Habíamos llegado a Sierra Salvada.
Recorreríamos parte
del sistema del Hayal de Ponata; el tramo que discurre entre la SR-7 y la histórica
SI-44, descubierta por el GEA en marzo de 1983. Cabe decir que esta cavidad es
una de las más grandes de la CAPV, con más de 50 km de galerías topografiadas. Para
nuestra travesía instalamos una cuerda en esa segunda sima. El agujero no
podría ser más atractivo: una trampilla escondida entre hojarasca. No obstante,
nuestra entrada sería otra. Así que volvimos a la dolina inicial para empezar
el descenso. Surgieron algunos imprevistos que fueron solucionados en el acto;
demos gracias al guía. Y comenzamos la travesía. Encorsetados en nuestros
neoprenos, superamos las gateras y los destrepes iniciales. Un par de bajadas,
y ese gran agujero. Allí empezaron los primeros síntomas. A partir de este
punto, prefiero no describirlo con detalle; un mal adjetivo destrozaría las
estalactitas y una frase mal hecha enturbiaría el agua de Kobata y no quiero ni
pensar qué causaría un ritmo lento. Así que me limitaré a escribir visiones
borrosas e inconexas.
De hecho, para
entender la cueva, tal vez sea apropiado compararla con la teoría física de los
multiversos. Es decir, realidades paralelas que coexisten en un mismo conjunto.

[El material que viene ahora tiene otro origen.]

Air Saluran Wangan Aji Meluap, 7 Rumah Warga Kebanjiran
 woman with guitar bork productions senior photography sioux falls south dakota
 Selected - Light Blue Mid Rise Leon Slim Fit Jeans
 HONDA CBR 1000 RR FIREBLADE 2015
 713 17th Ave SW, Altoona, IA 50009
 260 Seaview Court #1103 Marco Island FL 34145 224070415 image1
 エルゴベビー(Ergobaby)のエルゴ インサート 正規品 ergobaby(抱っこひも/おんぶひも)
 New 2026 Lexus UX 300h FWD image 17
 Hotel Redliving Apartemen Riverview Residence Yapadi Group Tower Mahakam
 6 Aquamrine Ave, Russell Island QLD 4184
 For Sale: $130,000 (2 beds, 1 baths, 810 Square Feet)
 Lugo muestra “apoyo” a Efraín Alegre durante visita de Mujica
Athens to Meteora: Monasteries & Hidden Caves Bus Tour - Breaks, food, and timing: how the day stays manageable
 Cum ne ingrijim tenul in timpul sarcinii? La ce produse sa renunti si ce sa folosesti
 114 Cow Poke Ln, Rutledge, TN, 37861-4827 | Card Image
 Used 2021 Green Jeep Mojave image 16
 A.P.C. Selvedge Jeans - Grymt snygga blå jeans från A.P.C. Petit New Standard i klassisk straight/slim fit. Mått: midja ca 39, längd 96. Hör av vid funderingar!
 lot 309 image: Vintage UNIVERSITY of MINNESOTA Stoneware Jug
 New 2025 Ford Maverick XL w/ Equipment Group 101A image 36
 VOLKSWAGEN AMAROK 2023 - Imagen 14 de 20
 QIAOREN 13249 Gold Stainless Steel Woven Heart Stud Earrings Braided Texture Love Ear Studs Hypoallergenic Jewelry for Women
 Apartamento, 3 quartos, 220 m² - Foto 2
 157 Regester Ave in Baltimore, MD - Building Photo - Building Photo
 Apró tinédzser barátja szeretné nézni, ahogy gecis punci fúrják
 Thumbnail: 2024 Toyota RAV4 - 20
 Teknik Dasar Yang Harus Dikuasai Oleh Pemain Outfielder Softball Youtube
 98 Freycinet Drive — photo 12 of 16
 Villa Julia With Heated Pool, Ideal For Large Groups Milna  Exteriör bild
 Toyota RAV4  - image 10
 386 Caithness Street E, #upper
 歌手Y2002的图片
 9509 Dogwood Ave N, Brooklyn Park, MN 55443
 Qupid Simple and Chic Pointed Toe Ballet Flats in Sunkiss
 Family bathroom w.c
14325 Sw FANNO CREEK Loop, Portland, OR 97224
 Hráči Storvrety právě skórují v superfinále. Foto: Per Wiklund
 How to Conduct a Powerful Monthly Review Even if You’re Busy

De esta manera, a medida que avanzábamos, surgían mundos completamente
diferentes, pero conectados entre sí. El paso sifonado -¡jodido frío!, ¿seguro que es por ahí?, ¡Está fría! ¡Nononono!-;
el río de Kobata, tan limpio y suave; el pozo 23: guarida de algún gigante de
las cavernas; la galería de Indianápolis, que bien podría llamarse avenida; el
paso del Bizkaino; los trucos de magia de Diego, con su chistera suiza; la
galería Kalahari; la alcantarilla… oh, qué nombre más acertado. Joder, y empecé
a estar cansado. Pero aún tuve ganas de un poco de atletismo. Y vino Paulova,
que me llevó a bailar con ella. Y bailamos hasta el amanecer de los pozos
finales. Durante la travesía instalábamos y recuperábamos cuerdas- oficio en el
que se turnaron Bruce y Sandra-. Y sabíamos que habría que volver más tarde a
equiparlas. Descubrimos que Diego pertenecía a la familia de las cactaceae, y que si le dabas una gota de
agua y una onza de chocolate, era capaz sobrevivir durante un par de semanas
sin nada más. Así puso a prueba la fortaleza de los escoceses y la energía de
las médicos de UVI móviles.
Así hizo que yo padeciera el Síndrome de
Ponata. Pues cuando salí de la SI-44 aún creía estar caminando entre universos subterráneos.
P.D: Mis disculpas a
Sanda, a la que generamos un estrés máximo. Espero que nos volvamos a ver en
alguna otra cueva, ¡con un poco más tiempo!